The women later admitted that they were ill-prepared for the trip as they didn’t realise that they would need prescriptions to buy the contraceptive pill. On discovering this setback, they bought other contraceptive paraphernalia instead. And Nell McCafferty hit on the ingenious idea of buying aspirin and removing it from its box, because customs officers wouldn’t know what the pill looked like.
One of the architects of the event, Mary Maher, delighted in telling people her very good excuse for not making the trip. She was busy giving birth to her daughter, as Séamus Dooley outlines in his chapter on the journalist and trade unionist.
Viewed through the prism of 2021, the contraceptive train might look like a quaint stunt, so it is easy to forget that the women faced the real threat of prison, not to mention public opprobrium. Johnston told BBC Radio 4’s In Living Memory show that she was absolutely terrified: “I could see myself pregnant, two small children at home, ending up in a cell in Mountjoy and I didn’t like it one little bit.”

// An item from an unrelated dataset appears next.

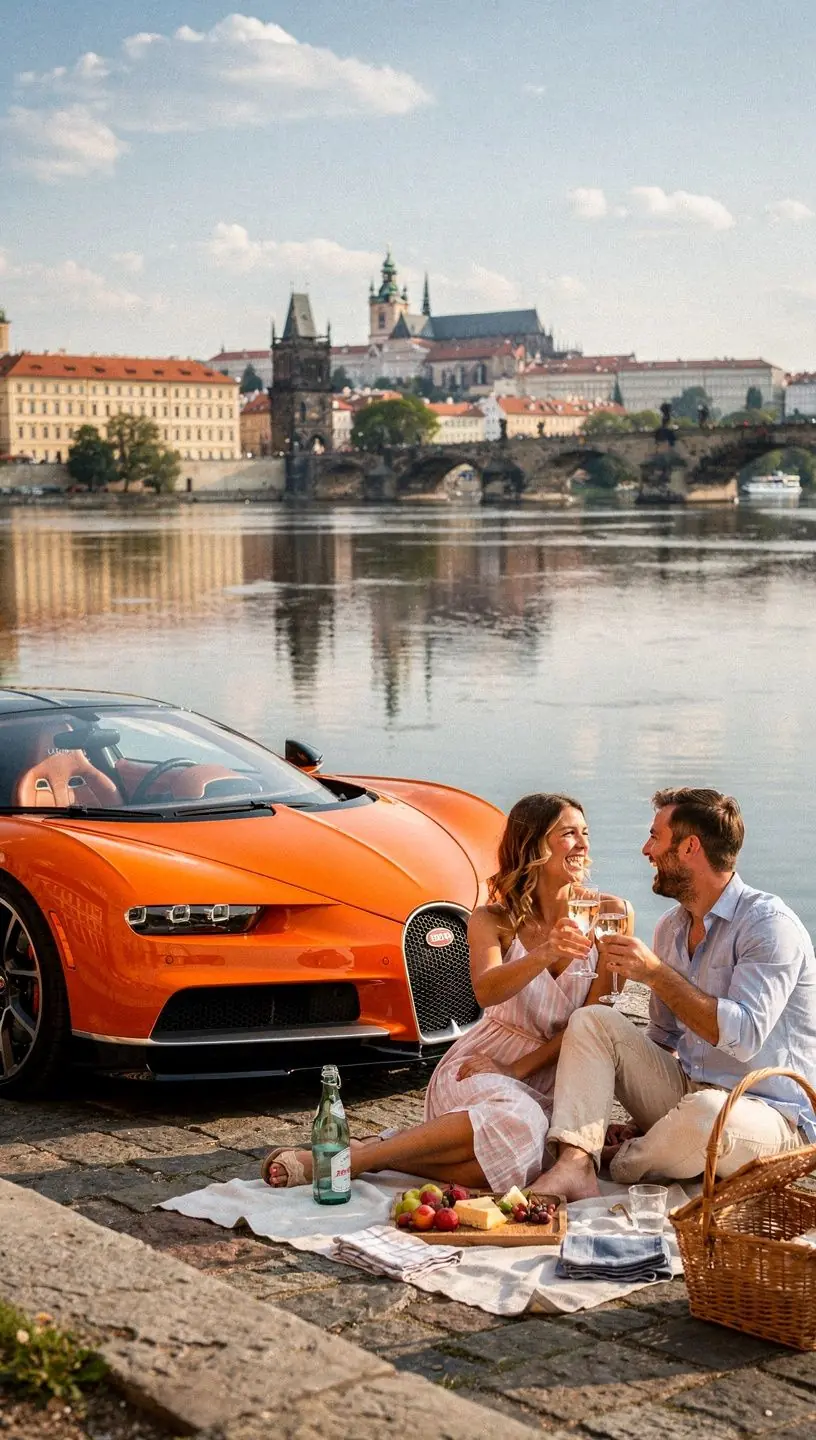 Záběr na klíče od vozu s logem značky a informačními letáky.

Mary Kenny, who appeared to be one of the most gung-ho of all the campaigners, told the same show she had to grit her teeth to go through with it because she knew that her mother would hate it. "And indeed she did, to be sure, and there was a lot of froideur within the family for some time after that and a lot of ordinary Irish women didn't like it and they thought it was a very rude thing to do."
McCafferty mostly remembers the desperate boredom of waiting around in Belfast for the return train after the visit to the pharmacy. “I marched them up and down the one street…trying to entertain them,” she told the BBC programme. “There was four or five hours to go. We should have organised an earlier train,” she said ruefully.
So, just like war, being on the contraceptive train involved long periods of boredom punctuated by moments of sheer terror. But in this particular battle, the women were on the winning side.